Un peu plus d’éthique dans les formations ?

Marc Drillech , en charge du marketing, de la communication et de la relation avec les médias pour le groupe Ionis, s’est fait applaudir de la salle en faisant remarquer que désormais tout le monde – les entreprises, les établissements d’enseignement supérieur, etc.- se voulait « éthique » : « Notre société est particulièrement hypocrite dans ce domaine. Concernant la crise financière, si la finalité du projet économique avait été partagée, nous n’aurions pas assisté à ces dérives ».

« A partir du moment où la connaissance n’a pas d’autre sens qu’accroître un bonus, comme c’est le cas du monde des finances par exemple, alors on arrive à des situations comme celle que nous connaissons aujourd’hui, a enchéri Axel Kahn. Si un jeune ne peut dire vers quel objectif il va, alors il y aura forcément des dérapages. L’université dont je rêve doit apporter le savoir sur la nature des choses mais aussi donner les modalités de l’action ». 

Changer de paradigme dans le secondaire

D’après Marc Drillech, le système éducatif est aussi fautif. « Le secondaire en France est tout le contraire de l’esprit critique.
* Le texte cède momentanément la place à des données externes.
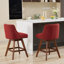 Ensemble de 2 tabourets de bar pivotants à hauteur de comptoir, siège de 26 po de hauteur, ensemble de tabourets de bar rembourrés, tissu rouge vin-1085152324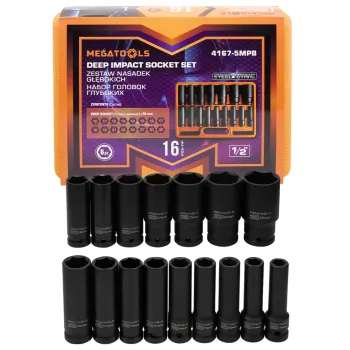 Набор головок ударных глубоких 16пр. 1/2'' 6гр.(10-19,21,22,24,27,30,32мм)в кейсе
C’est le conformisme même, l’absence de travail en équipe, or le travail en équipe est essentiel dans une entreprise… Le secondaire est la pierre angulaire du système éducatif, la réforme de l’éducation passe par là sinon nous n’arriverons à rien. D’autant que les entreprises consacrent très peu de temps à la formation, et enfoncent souvent les salariés dans leurs tâches quotidiennes… Il faut décréter un plan Marshall pour l’éducation ».
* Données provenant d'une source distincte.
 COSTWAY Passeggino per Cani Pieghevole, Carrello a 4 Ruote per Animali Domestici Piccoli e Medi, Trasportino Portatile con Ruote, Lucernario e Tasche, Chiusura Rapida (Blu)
« Les politiques et la société française ont réellement commencé à parler de l’enseignement supérieur depuis quatre-cinq ans, rappelle Bernard Ramanantsoa. Cet intérêt est donc très récent. Le temps du politique n’est pas celui de l’éducation. Dans le meilleur des cas, le politique verra à cinq ans ». La prochaine étape selon lui ? L’évaluation de la politique menée en matière d’enseignement supérieur. Et les conséquences financières qui devraient en découler.